En sus últimos años comenzó a escribir sus memorias y concedió entrevistas acerca de su vida. Escribió que había «olvidado la fe ciega», una referencia a la sacudida que sufrieron sus convicciones por el pacto nazi-soviético, las purgas estalinistas, el conflicto chino-soviético y otras revelaciones sobre el sistema soviético. No obstante, su compromiso básico con los ideales comunistas nunca se tambaleó y nunca perdió la fe en la lucha antifascista en España. Se había pasado la vida adorando la memoria de George. Ahora hablaba más abiertamente acerca de él y de su creencia en que su muerte estaba justificada por la causa por la que ambos lucharon. En agosto de 1976 concedió una larga entrevista que se depositó en el Imperial War Museum. «Nunca había podido compadecerme de él porque estaba haciendo lo correcto. Todos lo sentíamos. Tuvimos este privilegio de estar… directamente en la carretera principal de la historia en la causa justa. Y desde entonces no ha habido nada parecido, tan perfecto, tan blanco y negro y tan bueno y saludable. Y él estaba haciendo eso. Y estaba seguro de que ganaríamos. Y estaba seguro de que los franceses iban a mandarnos las cosas. Y él estaba con el batallón. Así es como murió. Siento que no viera a los niños. Pienso en ello incluso cuando veo a los nietos. Lo siento por mí porque he sufrido una gran soledad por él. Pero no puedo sentirlo por él. No puedo sentirlo por ninguno de ellos, porque murieron con la seguridad de que iba a ocurrir… ya sabe, de que estaban haciendo lo correcto y de que iban a salvar al mundo de la guerra».[138]
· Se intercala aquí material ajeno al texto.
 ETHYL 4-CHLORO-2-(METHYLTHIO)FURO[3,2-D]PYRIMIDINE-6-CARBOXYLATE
A lo largo de su vida había tratado de ser una buena comunista y una buena amiga de las personas que la rodearon. Era entregada y muy trabajadora en cualquier cosa que hiciera. Los que trabajaron con ella la recuerdan siempre tranquila, siempre serena y servicial, a pesar de que a medida que su artritis avanzaba, podía ser bastante irritable. En 1973 escribió una carta cortante a Fredericka Martin, que estaba recopilando información sobre la contribución americana a los servicios médicos de las Brigadas Internacionales. Tras una serie de cartas afectuosas y útiles en las que respondía a las peticiones de Martin, la última de la serie fue brusca y territorial: «Tu lista de las enfermeras inglesas es incompleta e incorrecta. Enviamos 44 enfermeras, 120 conductores de ambulancias y 17 o más médicos a España. Pero, como entiendo que estás escribiendo una historia de los servicios médicos americanos, no veo para qué quieres los ingleses. Escribiremos la nuestra a su debido tiempo». Y terminaba: «Atentamente, Nan Green», cuando solía hacerlo en las anteriores con un «¡Salud!», o alguna otra referencia a España, y simplemente «Nan[139]».
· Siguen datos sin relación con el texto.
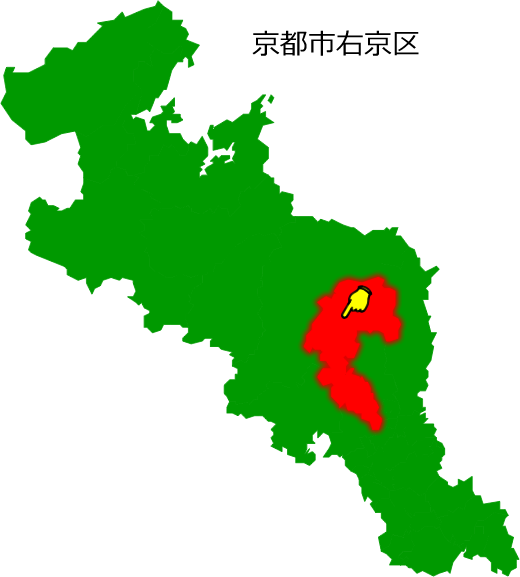 京都市右京区の場所を示す画像1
No cabe duda de que su trabajo en China, en el movimiento por la paz y en la IBA estuvo siempre inspirado por lo que había ocurrido en España y por los recuerdos de George. Su tiempo en España y su amor por George fueron los puntos culminantes de una vida plena. En 1978 le dijo a la periodista Judith Cook: «Me gusta pensar que murió lleno de confianza. Creo que fue una buena forma de morir. Él creía que tenía que salir bien. Hacía lo que creía que tenía que hacer y confiaba en que los republicanos vencerían. Así pues, no lo siento por él, un hombre joven que murió a los 34 años, haciendo lo que él deseaba y sintiéndose seguro de la victoria. Así que he aquí un joven que siempre estuvo lleno de confianza… Nunca lo lamentaré. En cuanto a George… bueno, murió como un pájaro que muere volando. Simplemente sigue volando».[140] Nan murió a los setenta y nueve años, el 6 de abril de 1984[141]. En 1986 su hijo Martin llevó sus cenizas a España y las esparció cerca de la posición en que había muerto su marido.